AFT's Weingarten: "The crucial question we face now is whether we have the political will to move away from the failed policies and embrace what works in high-performing countries so that we can reclaim the promise of public education."
WASHINGTON—Statement by American Federation of Teachers President Randi Weingarten on the Program for International Student Assessment (PISA) 2012 results:
"Today's PISA results drive home what has become abundantly clear: While the intentions may have been good, a decade of top-down, test-based schooling created by No Child Left Behind and Race to the Top—focused on hyper-testing students, sanctioning teachers and closing schools—has failed to improve the quality of American public education. Sadly, our nation has ignored the lessons from the high-performing nations.

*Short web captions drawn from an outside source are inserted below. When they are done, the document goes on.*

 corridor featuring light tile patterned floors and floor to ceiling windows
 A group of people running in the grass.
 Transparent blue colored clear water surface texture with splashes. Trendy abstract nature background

These countries deeply respect public education, work to ensure that teachers are well-prepared and well-supported, and provide students not just with standards but with tools to meet them—such as ensuring a robust curriculum, addressing equity issues so children with the most needs get the most resources, and increasing parental involvement. None of the top-tier countries, nor any of those that have made great leaps in student performance, like Poland and Germany, has a fixation on testing like the United States does.
"The crucial question we face now is whether we have the political will to move away from the failed policies and embrace what works in high-performing countries so that we can reclaim the promise of public education."
After the 2009 PISA report, Weingarten visited the top-performing nations of Japan, China, Singapore, Finland, Canada and Brazil to talk with teachers, principals, students and government officials about what makes their systems work for students, teachers and parents. Many of the Organization for Economic Cooperation and Development's recommendations informed the AFT's Quality Education Agenda and its Reclaiming the Promise of Public Education principles.